The Corner

Re: Immigration N of 1

What follows is an entirely personal take and does not necessarily represent the views of my employers, associates or anyone else.

Rick asks, ” I wonder how comment such sentiments are among legal immigrants and their children.”

Extraordinarily common, in my experience as an immigrant.

Take for example, my neighbors, Ecuadorian by birth but the children of US citizens there. They have been here on legal Visas trying to get the BCIS to recognize their status. They have now have been told to return to Ecuador while things are finalized and have therefore had to sell their house, at a loss of many thousands of dollars. How much easier it would be to go illegal and then claim amnesty. But they are not that type. Instead, they’re the type we should love to have in the country. So BCIS is hounding them out even as preparations are made to accomodate those with little respect for the rule of law.
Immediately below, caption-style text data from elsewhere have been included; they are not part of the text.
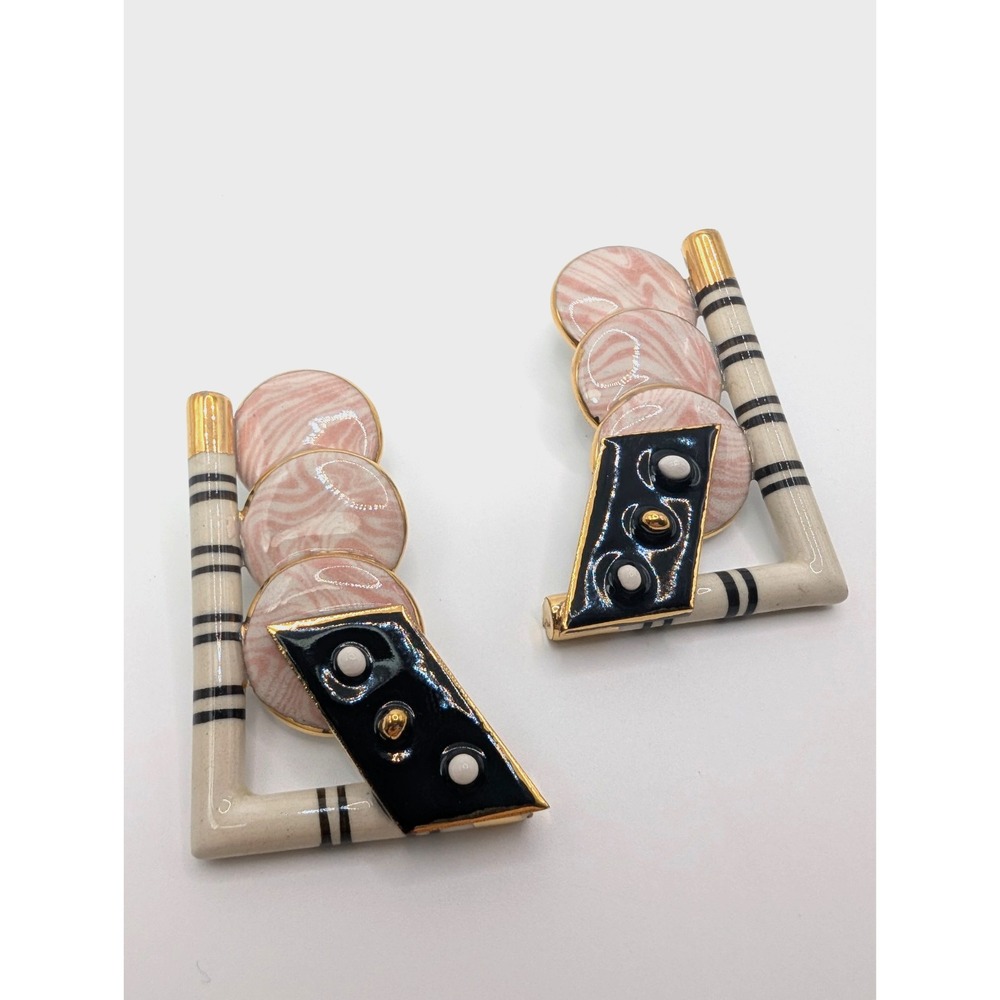 Vintage Porcelain Stud Earrings NOS Memphis Style Pink Black Gold Geometric 2.2"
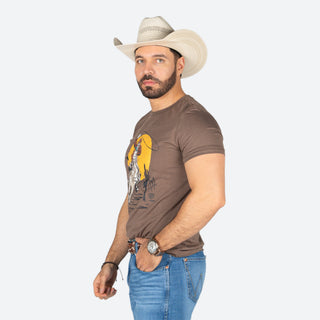 Playera Rock & Roll Denim Bronco Brown Caballero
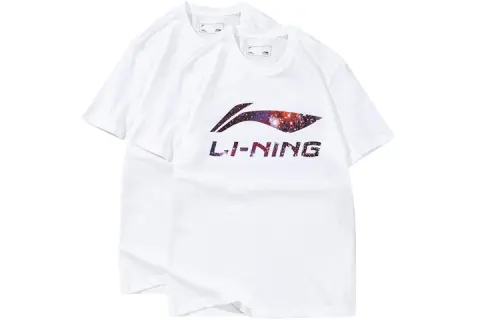 Li Ning T Shirts Unisex 2 Pack White Crew Neck Moderate Straight Fit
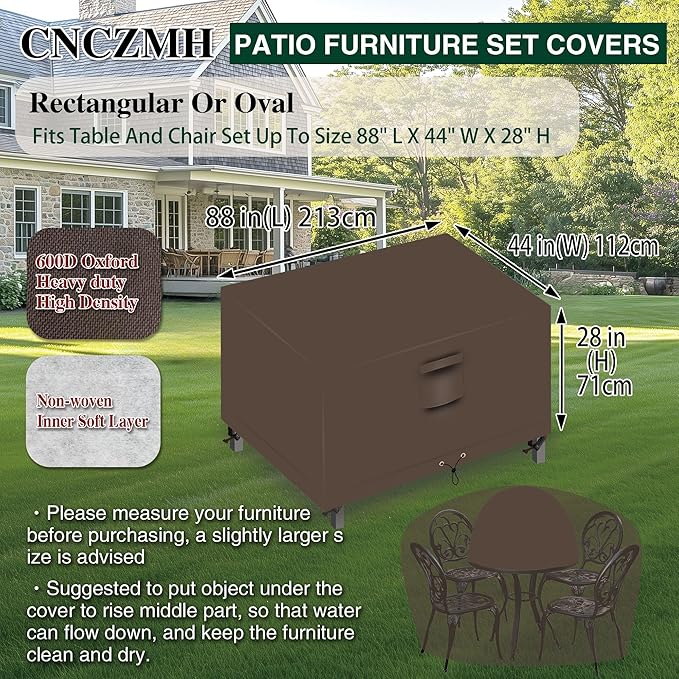 Heavy Duty Patio Furniture Covers Waterproof, 600D Outdoor Furniture Cover Waterproof for Sectional Sofa Couch, Outdoor Dining Table and Chair Set Covers 84''L x 44''W x 28''H, Brown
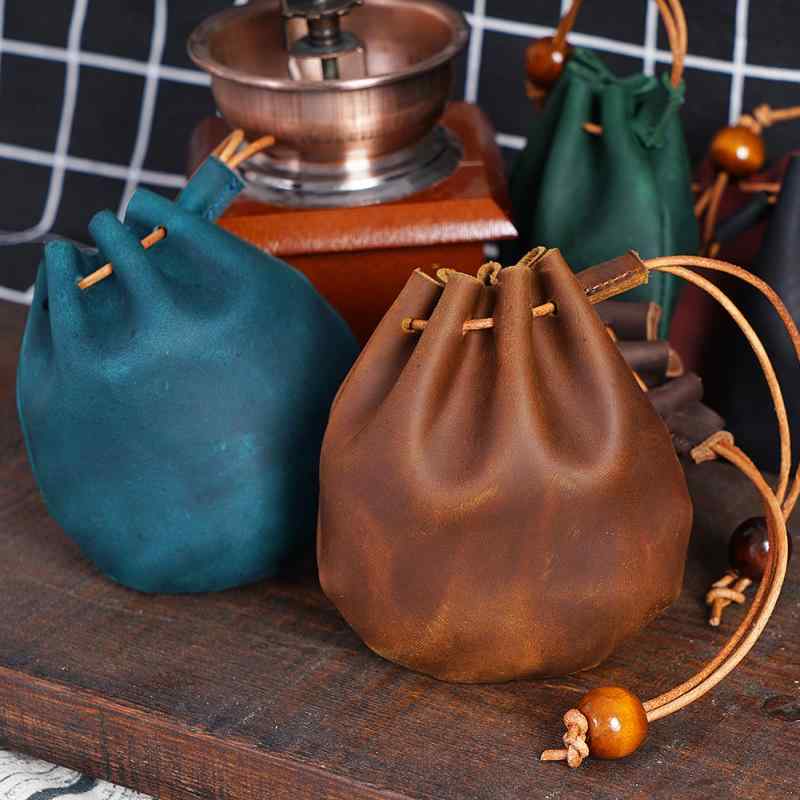 バッグ 小銭入れ レザー ミニ 収納 最上層 牛革 巾着 レトロ 革 収納袋 巾着 ポケット カジュアル 手 小型
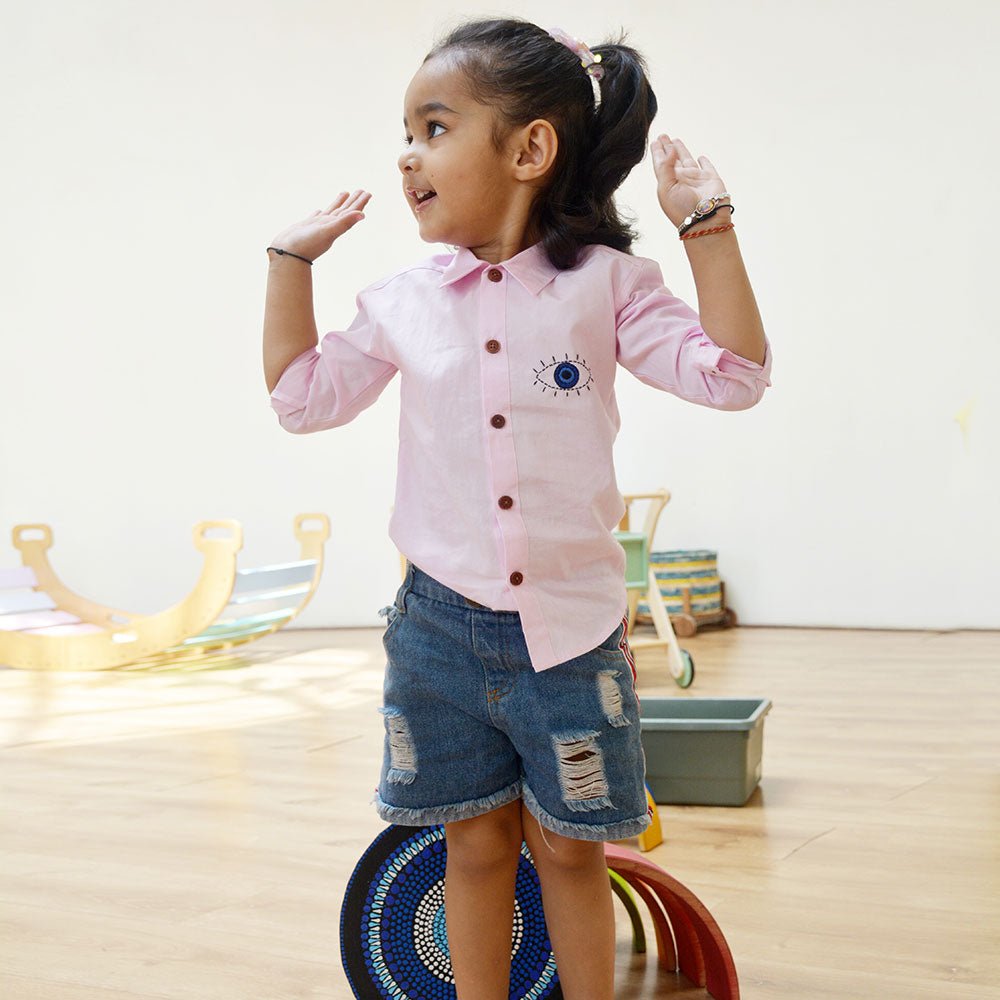 Evil Eye Embroidered Unisex Shirt - Light Pink - Suspire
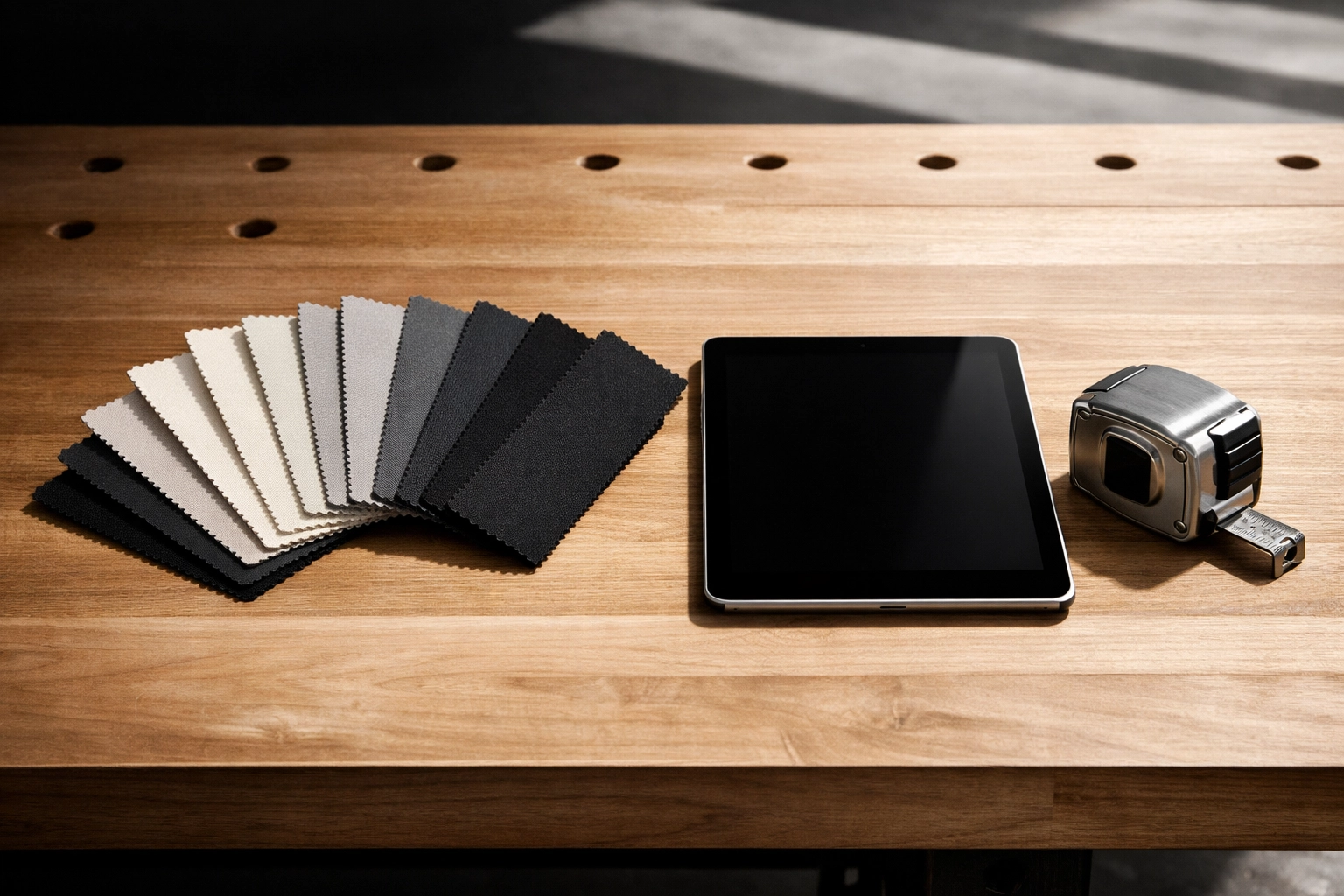 Professional upholstery workbench in Chattanooga with fabric swatches and tools for accurate project estimates.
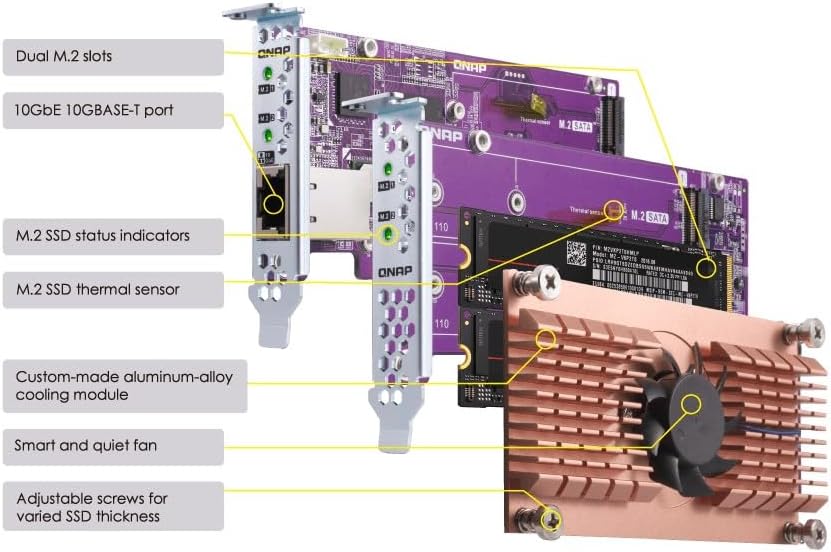 Qnap 2 x PCIE2280 M.2SSD SL PCIEGEN3X8 1 x AQC113C 10GBE NBASE-T Port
Meanwhile, a friend of mine emails:

My brief two cents on this, as an immigrant and indeed an immigrant attorney, is that the bill presently in the senate is the worst piece of proposed legislation I have ever seen and was clearly drafted by people who have no idea what the current law is or the reality of immigration procedure.I do a lot of work for Gulf Coast shipyards. They need to employ qualified and experienced welders, pipefitters and so on. There are not many Americans who are qualified and live locally. In any event, many of them can get paid more doing post Katrina / Rita construction work. So, my clients want to employ skilled Filippinos, Mexicans etc. on H-2B visas. Even if the shipyards were prepared to employ illegals (which they are not), these people would most probably not have the skills required. Furthermore, when you’re building ships and oil rigs, you have a lot more government involvment, so you do everything by the book. Getting the H-2B visas is absurd. There is a cap of 140,000 per annum. These are mostly bought up by labor supply companys or massive corporations. I am told anecdotally that Disney gets 10,000 just for Disneyland in California. The new bill was going to raise this to 400,000 but then lowered to 200,000. America needs more of these people, who are hard working and do mostly intend to return home, once they have made a wad of cash. They then take time off and go off to other construction jobs in, say Saudi Arabia, Russia or Korea, where they also are well paid. However, under the new bill if they do want to stay, they are penalized for being legal nonimmigrants in contrast would be z visa holders, who can seemingly stay indefinitely. It’s madness. Higher up to food chain is just as much of a problem. I have a Flippino client who has invested $100,000 in a business here in which he owns 25% of the shares and has an E2 (non immigrant investor visa). He earns a base salary of $90,000. His US tax returns, pay slip and share certificate have all been provided. His wife should qualify for a spousal visa but has now been denied twice because the imbeciles at the embassy in Manila have concluded she is “likely to become a burden on the state”. Anyhoo, my basic beef is that the present law sucks and is appallingly incompetenly administered but the new bill will only make the existing problems much, much worse. I may even have to start referring to GWB as ChimpyMcHitlerBush.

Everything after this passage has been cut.